When a host has the New Relic Infrastructure Agent (NRIA) installed on it and it first connects to our data collectors, it is assigned an arbitrary
entityId. The alerts evaluation system uses this identifier to track the host. When any given host’s NRIA stops reporting to our data collectors, the alerts evaluation system considers that host to be offline, and after 5 minutes (default setting) it will open a HNR violation.
The NRIA will keep the original
entityId cached for 24 hours. However, if more than 24 hours pass before the NRIA starts reporting again (regardless of whether the host comes back online before that time), the original
entityId is purged and a new one is assigned. This will also happen if the host is reprovisioned – even though the same hostname is used, a new
entityId will be assigned. In either of the above cases, any open HNR violation will remain open indefinitely, as the alerts evaluation system is waiting for that original
entityId to come back online.
OK, that’s good to know. But how do I close the open HNR violation?

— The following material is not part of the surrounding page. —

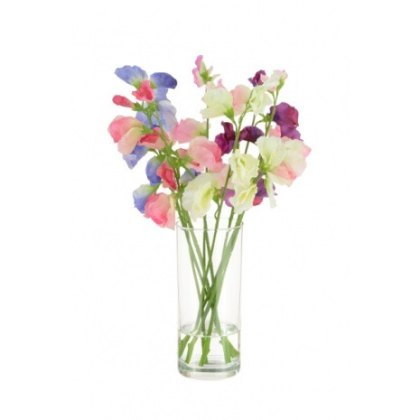 Sweet Peas in a Cylinder Vase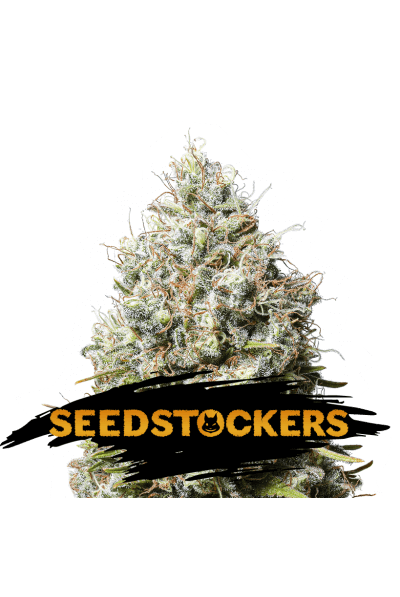 Jack Herer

The best thing to do in this case is to simply disable, then re-enable, the HNR condition. This will not only close any open violations, it will re-sync the condition with hosts that are actually online and scope to the appropriate
entityIds of those hosts.
But what about my CPU%/LoadAvg/Memory etc. alert condition? Why isn’t that closing?
Good question! Often, just before a host dies, one of the indicators of host health will go haywire and cause one or several other alert conditions to open violations. An example of this would be CPU%. Perhaps you have an alert condition set up with a threshold of
CPU% > 85. If the host’s CPU% got up to 95%, subsequently causing this condition to open a violation right before it went offline, then something happened so that a new
entityId was created, this violation will never close.
While a host is offline, our data collectors are receiving
null values from the NRIA.
null values are not equal to any numeric values. So, although it appears that your CPU% has dropped to 0 and the alert violation should close, from our alerts evaluation system’s point of view, it hasn’t reported any numeric values since it was up around 95%.
If the host comes back online soon enough that it keeps the original
entityId, then these sorts of violations will close automatically after it comes back online and the NRIA reports good data for a few minutes (depending on how you have your alerts thresholds set). However, if a new
entityId gets assigned, you will need to disable and re-enable this type of condition in order to get the violation to close.